Ernesto Pellegrini (14 December 1940 – 31 May 2025) was an Italian businessman and the owner of Inter Milan from 1984 to 1995.

==Life and career==
The son of a farmer, Pellegrini began working as an accountant in the early 1960s for the bicycle manufacturing company Bianchi, earning L50,000 per month. He was later promoted to chief accountant, but requested additional work within the company, eventually becoming the manager of the canteen.

This marked the beginning of his rise in the catering industry, and in 1965 he founded the Organizzazione Mense Pellegrini following the realisation that the Italian economic miracle was driving the expansion of the food industry, as rising disposable income and changing eating habits transformed consumer demand. In 1975, his company changed its status to Pellegrini S.p.A., which gradually expanded to offer a wide range of services in Italy, including meal vouchers, corporate, healthcare, and school catering, sanitation and industrial cleaning, and welfare support.

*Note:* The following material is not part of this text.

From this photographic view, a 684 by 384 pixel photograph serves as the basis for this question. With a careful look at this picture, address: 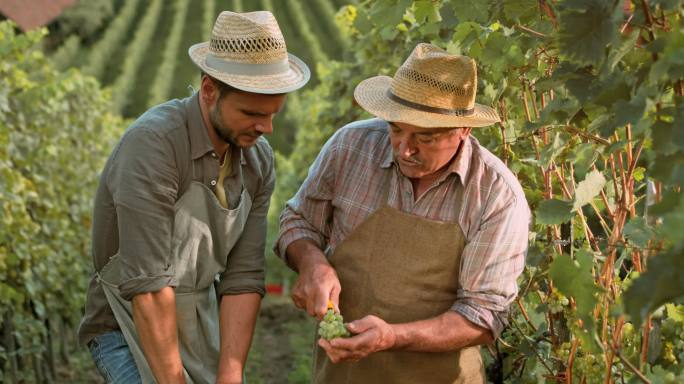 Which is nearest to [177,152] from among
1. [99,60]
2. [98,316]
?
[98,316]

In 2019, Pellegrini S.p.A. made €600 million profit and employed circa 6,500 people.

Pellegrini died in Milan on 31 May 2025, at the age of 84, on the day of the Champions League final between Inter and PSG, which the Nerazzurri played wearing black armbands.

==Chairman of Inter Milan==
In 1979, Pellegrini wrote a letter to the Inter's chairman Ivanoe Fraizzoli, asking to be allowed to contribute financially to the club. As a result, he was admitted as a member of the board. Pellegrini purchased Inter from Ivanoe Fraizzoli in 1984, becoming the club's 17th chairman.

Under Pelligrini's ownership, Inter purchased players such as Karl-Heinz Rummenigge, Lothar Matthäus, Jürgen Klinsmann, and Andreas Brehme, winning the record-breaking 1988–89 Serie A together with two UEFA Cups and one Supercoppa Italiana.

In 2020, he was inducted into Inter Milan Hall of Fame. In 2022, he was inducted into the Italian Football Hall of Fame.